Drugs taken orally are absorbed by passive diffusion, through the paracellular pathway, or by carrier-mediated drug transport. Since modern molecular biology techniques have developed, more and more transporters have been found to be involved in the oral absorption processes. There are limited passive diffusion and paracellular pathways available for the absorption of large, polar molecules; therefore, intestinal transporters are great potential carriers for the uptake of these drugs.^1,2

The human dipeptide transporter (hPepT1) was cloned by screening a human intestinal complementary DNA (cDNA) library with a rabbit cDNA probe. When this cDNA was expressed in HeLa cells and Xenopus laevis oocytes, it displayed a proton-dependent peptide uptake activity.³ Human PepT1 displays 81% identity with and 91% similarity to the rabbit dipeptide transporter. The hPepT1 transporter is highly expressed in duodenum and jejunum, while lower expression levels are also detected in ileum, colon, cecum, kidney, and liver.^4-6 In situ hybridization detects hPepT1 in the tip of mucosal cell villi but not in the crypts. The predicted protein has 708 amino acids with 12 transmembrane domains.^7,8 This peptide transporter accepts dipeptides and tripeptides as its substrates, but it cannot transport free amino acids.⁹ It is believed that the following drugs are absorbed by hPepT1: β-lactams such as cephalosporins (cephalexin, cepharadine, cefadroxil), cyclacillin, ampicillin, and various angiotensin-converting enzyme (ACE) inhibitors, as well as antiviral prodrugs such as valacyclovir.^9-11

Cells that overexpress hPepT1 are useful models for screening the permeability of drugs that are transported by hPepT1.¹² Caco-2 cells and MDCK cells, which are highly polarized cells, are good cell lines for in vitro oral drug absorption evaluation. Other cell lines such as HeLa cells and CHO cells are also commonly used in transporter overexpression studies. However, the apical or basolateral hPepT1 localization in these overexpressed cell lines is unknown.
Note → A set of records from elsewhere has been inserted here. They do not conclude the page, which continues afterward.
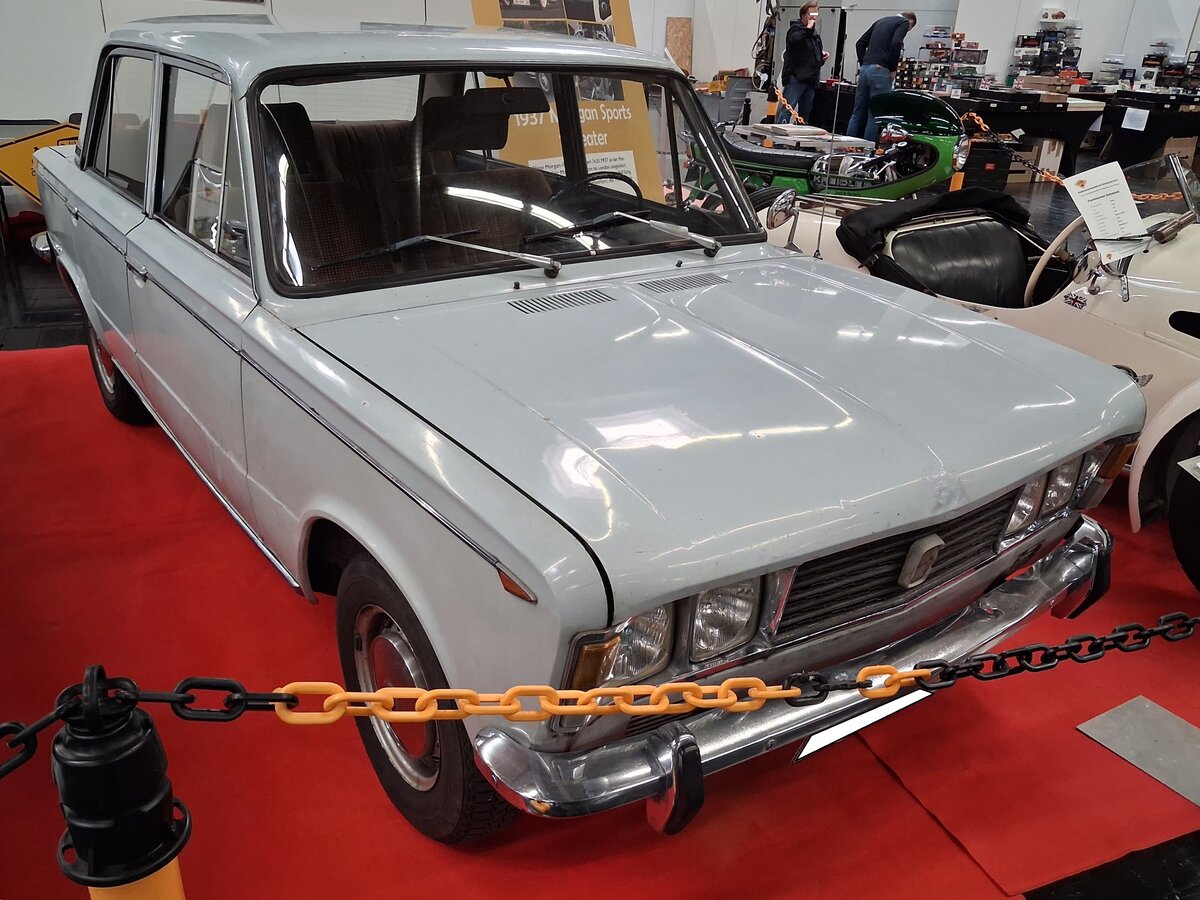 Fiat 125, der Modelljahre 1967 bis 1972. Das Modell wurde 1967 vorgestellt. Angetrieben wird der 125´er von einem Vierzylinderreihenmotor mit oben liegenden Nockenwellen. Aus einem Hubraum von 1608 cm� wird mit diesem Motor eine Leistung von 90 PS erreicht. Ausger�stet mit einem serienm��igen F�nfganggetriebe erreicht der Wagen eine Spitzengeschwindigkeit von 163 km/h. Der gezeigte Fiat verlie� im zweiten Modelljahr = 1968 die Turiner Werkshallen. Das Auto ist bis heute nicht restauriert worden. Techno Classica Salon in Dortmund am 25.09.2026.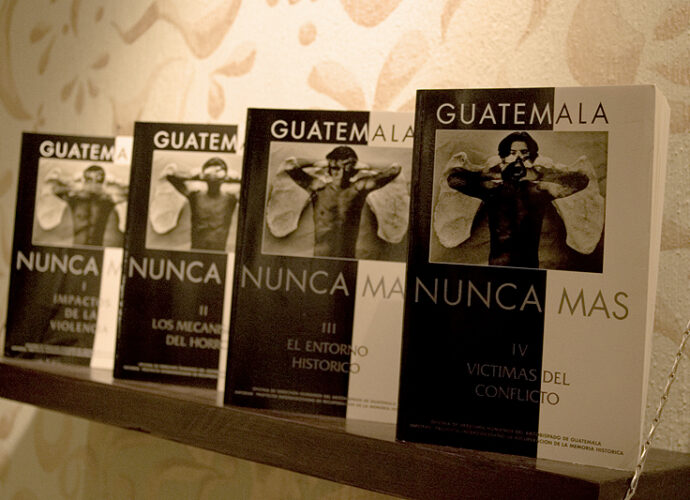 El valor de la memoria: Se conmemoran 28 años del informe «Guatemala: Nunca Más»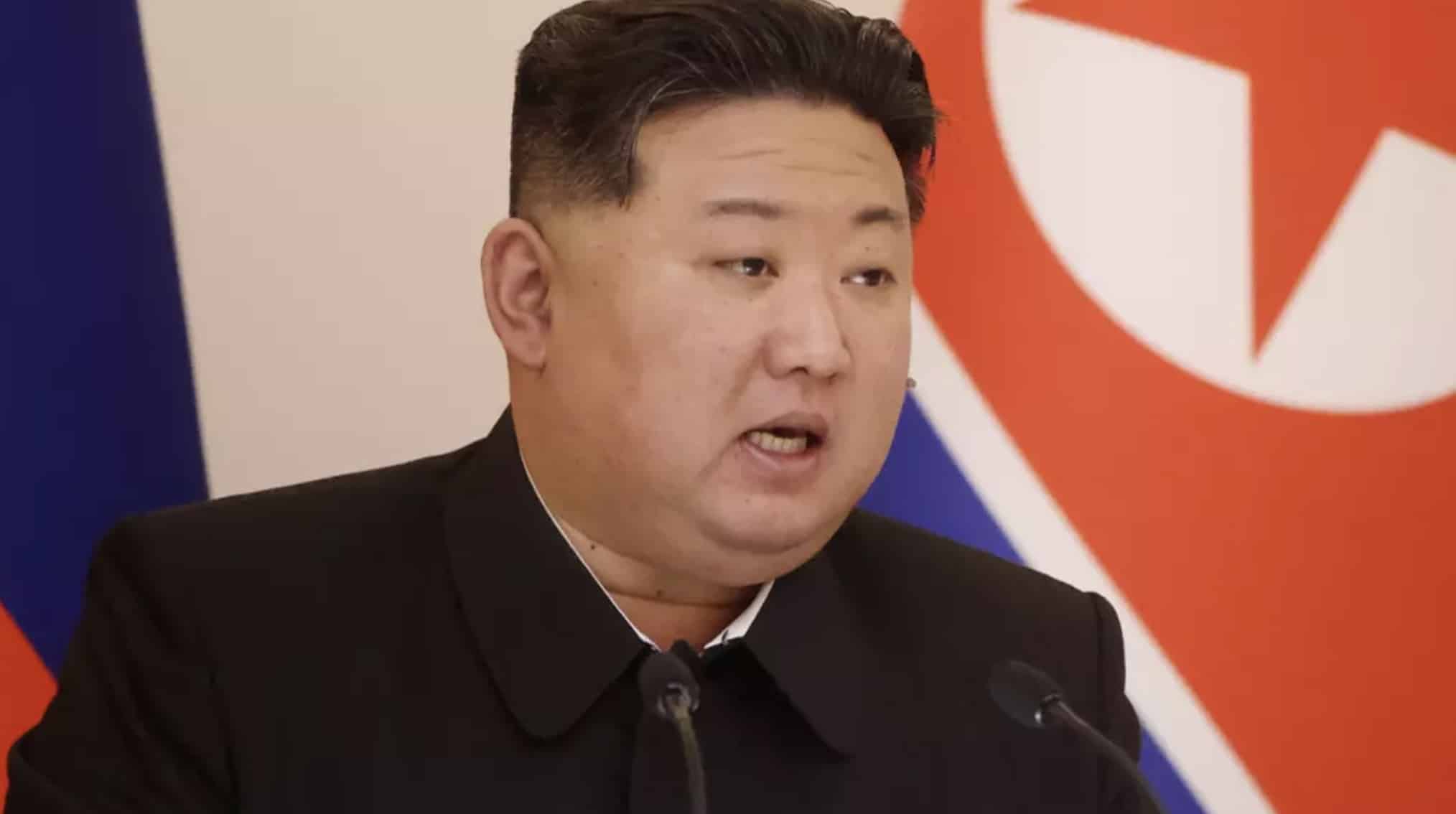 Celular contrabandeado da Coreia do Norte expõe táticas aterrorizantes usadas pelo regime de Kim Jong Un para impor controle no país Smartphone contrabandeado da Coreia do Norte expõe táticas aterrorizantes usadas pelo regime de Kim Jong Un para impor controle no país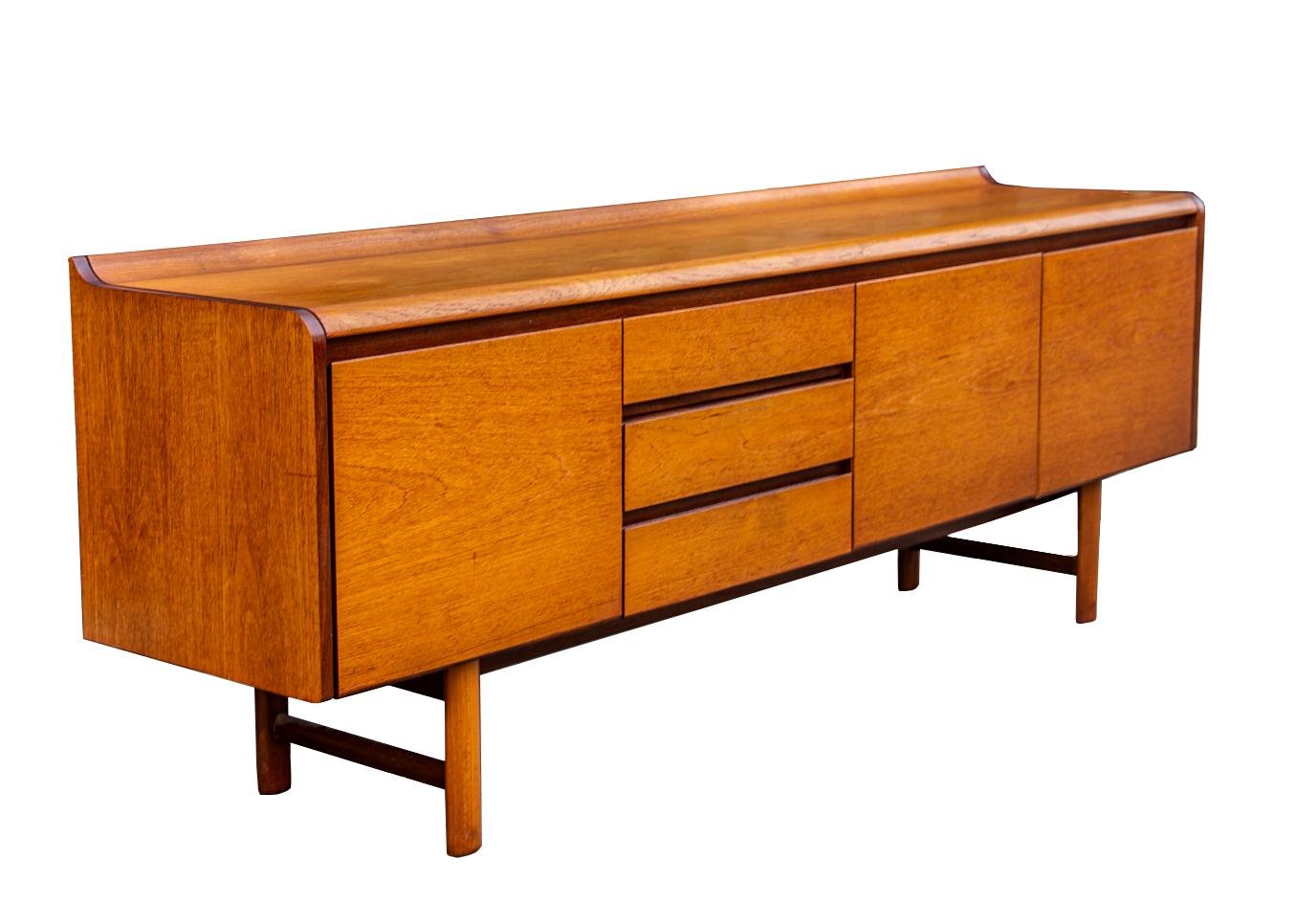 Mid-Century Modern A mid-century British minimalist linear form sideboard c1965 For Sale
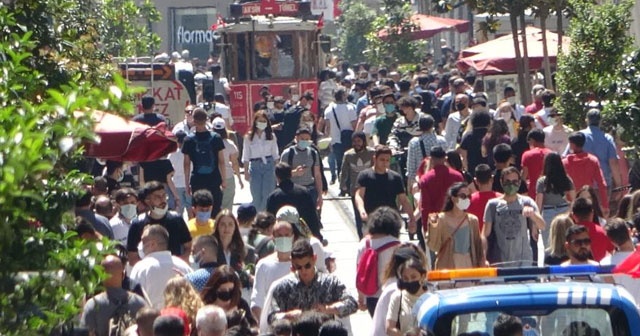 İğne atsan yere düşmez dedirten kalabalık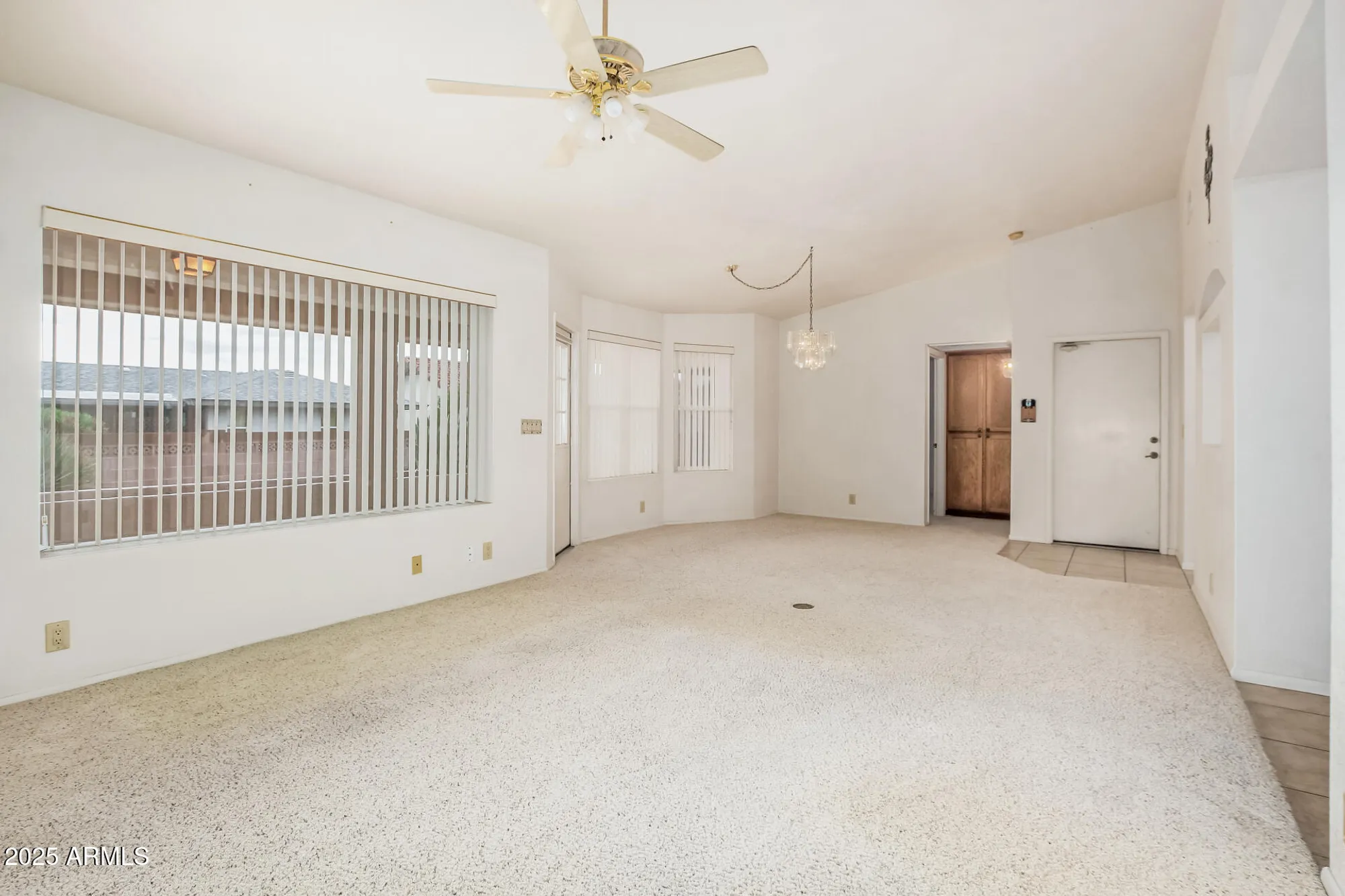 Property Slideshow image 5 of 30 | 7927 e natal ave, Mesa, AZ, 85209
In this article, we constructed an hPepT1-GFP fusion plasmid and transfected it into polarized and nonpolarized cells. The hPepT1-GFP fusion protein expression level, its functional ³H-Gly-Sar uptake, and drug inhibition were monitored in these transfected cells. In addition, confocal microscopy studies determined the apical or basolateral and subcellular hPepT1-GFP localization.

Materials and Methods

The antilysosome-associated membrane protein (anti-LAMP) monoclonal antibody (H4A3) developed by Drs J. Thomas August and E. K. Hildreth was obtained from the Developmental Studies Hybridoma Bank developed under the auspices of the National Institute ofChild Health and Development (NICHD) and maintained by the University of Iowa (Department of Biological Sciences, Iowa City, IA 52242). All culture mediums and reagents were purchased from Gibco (Grand Island, NY). The culture dishes and plates were from Falcon (Lincoln Park, NJ). Chamber slides were purchased from Nalge Nunc International (Rochester, NY). ³H-Glycyl-sarcosine (Gly-Sar) (17 Ci/mmol) was from Moravek Biochemicals (Brea, CA). Rhodamine-labeled rabbit-antimouse immunoglobulin (Ig)G, fluorescein isothiocyanate (FITC)-labeled goat-antirabbit IgG, and FITC-labeled rabbit-antigoat IgG were from Chemicon International (Temecula, CA). Antitransferrin receptor monoclonal antibody was purchased from Roche Molecular Biochemicals (Indianapolis, IN). Anti-rab7 and anti-rab5A antibodies were from Santa Cruz Biotechnology, Inc (Santa Cruz, CA). The pEGFP-N1 vector was from Clontech (Palo Alto, CA). Restriction enzymes were purchased from Promega and New England Biolabs (Beverly, MA). The QIAquick gel extraction kit and QIAprep miniprep and Maxprep kits were from Qiagen (Valencia, CA). Polymerase chain reaction (PCR) reagents and Taq DNA polymerase were from Perkin Elmer Biosystem (Norwalk, CT). Lipofectamine transfection reagent was from Gibco, and Fugene transfection reagent was from Roche Molecular Biochemicals. Precast sodium dodecyl sulfate polyacrylamide-gel electrophoresis (SDS-PAGE) gels were purchased from Bio-Rad (Hercules, CA).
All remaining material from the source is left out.